— Не сниму! — дрожащим голосом сказал батюшка.
— Тогда прощайся с жизнью! — прокричал бандит; он вскинул автомат и выстрелил в священника; очередь прошла в одном сантиметре над его головой, сбив скуфейку.
Батюшка от неожиданности и от страха присел, но креста из рук не выпустил; лицо его сильно побледнело.
— Счытаю до трех! — рявкнул бандит. — И стреляю прямо в лоб! Раз! — Он чуть помедлил. — Два! — После краткой паузы он поднял дуло автомата, целясь в лоб нашему батюшке.
Тот не выдержал и дрожащими руками снял с себя крест.
— Бросай на зэмлю! — приказал бандит.
Батюшка бросил.
— Топчи!
Батюшка наступил на крест ботинком.
— Вот так! Хароши прымер!
Лицо кавказца исказила зловещая улыбка.
— Все, все сымайте свои кресты! — пуще прежнего заорал он. — Иначе всех перестреляем!
Он дал длинную очередь поверх наших голов.
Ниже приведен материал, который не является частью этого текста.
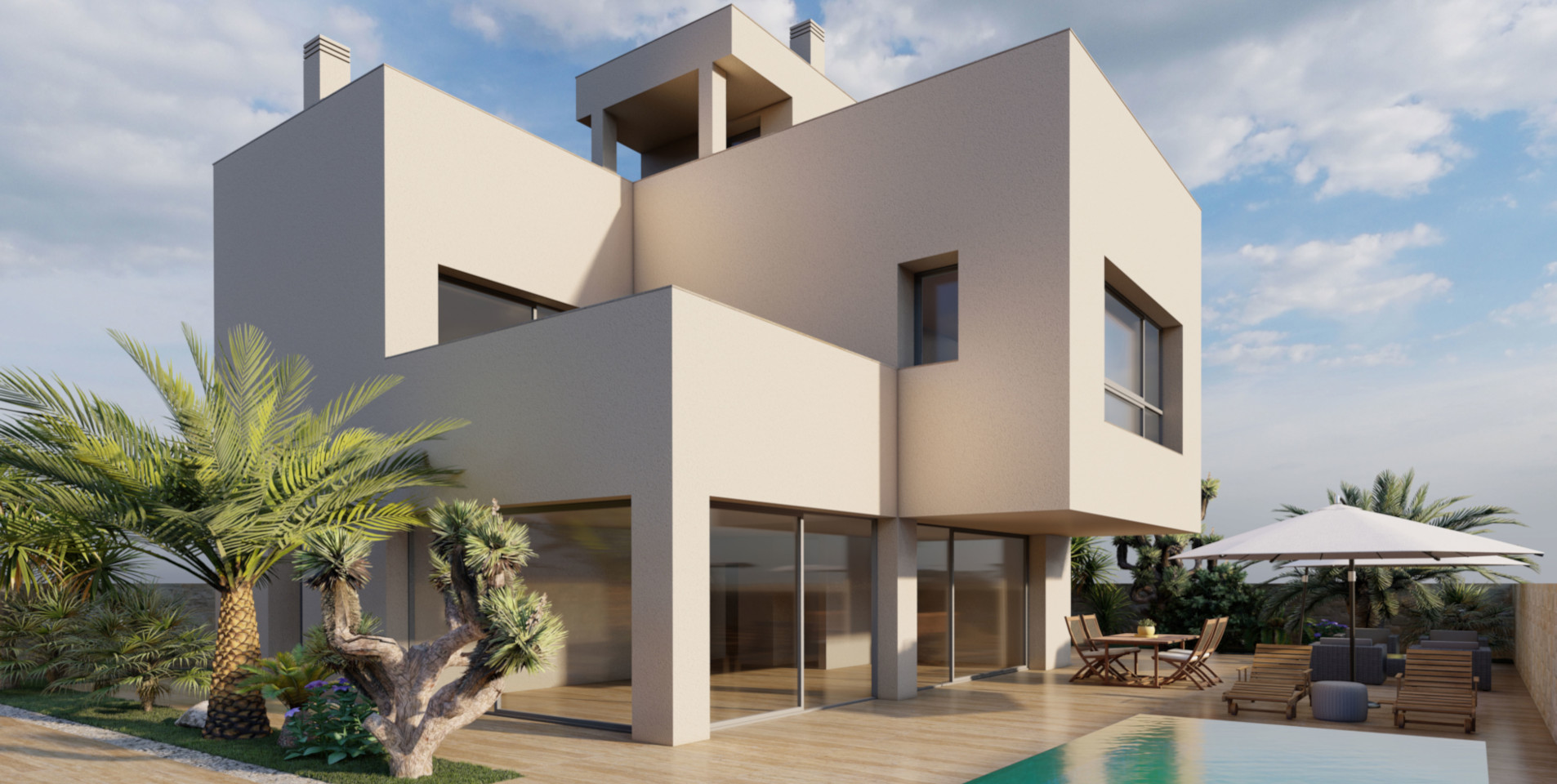 Villa en venta en Torre de la Horadada, Alicante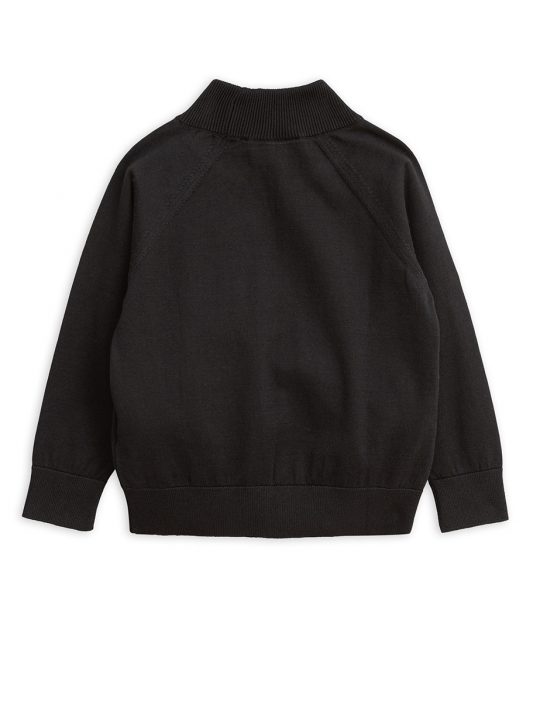 LOVE KNITTED SWEATER BLACK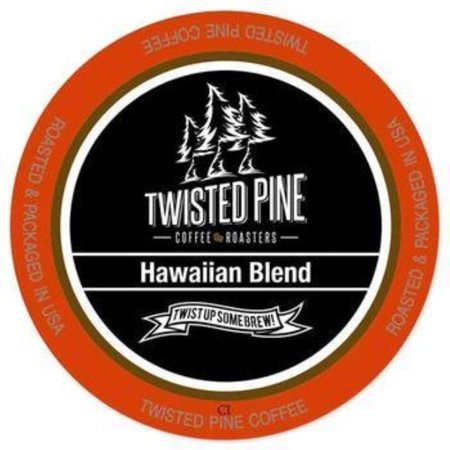0705332645669 - TWISTED PINE HAWAIIAN BLEND COFFEE, SINGLE-SERVE CUPS FOR KEURIG K-CUP BREWERS, 24 COUNT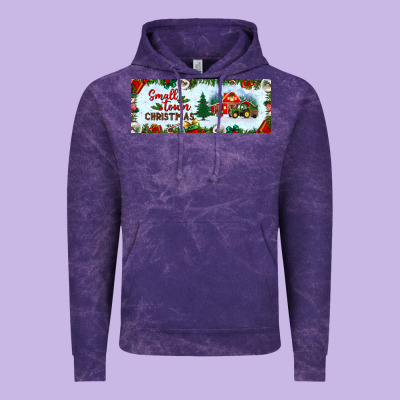 Small Town Christmas Vintage Hoodie Designed By Bundleandbundleshop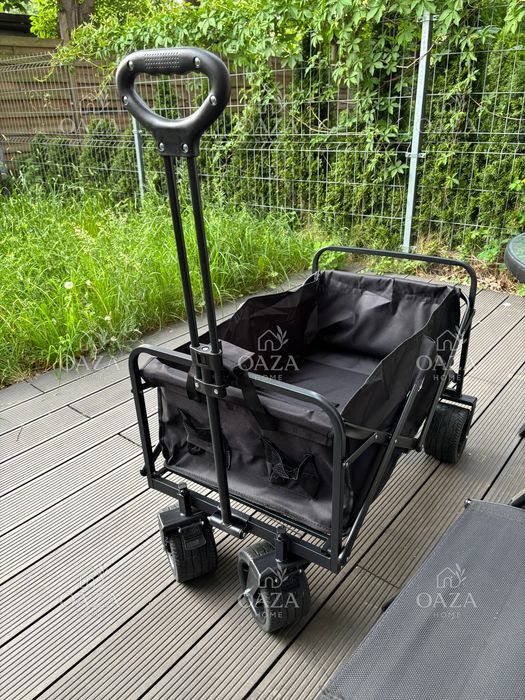 Wózek Transportowy Składany Terenowe Koła 100kg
Два его сообщника между тем терзали других паломников, угрозой и грубой силой принуждая их снимать с себя нательные кресты. Сняли все женщины, сняли все мужчины, сняли все подростки. И все по приказу бандитов растоптали их. Это произошло в течение каких-нибудь двух-трех минут.
Остались только три человека, которые не сняли кресты: моя мама, я и Сережа, юноша лет пятнадцати, которого я давно знаю, так как мы часто встречались в храме — мы стояли в самом конце шеренги и до нас еще не дошла очередь.
В этот момент один из бандитов, расправившись с очередным паломником, подошел к маме.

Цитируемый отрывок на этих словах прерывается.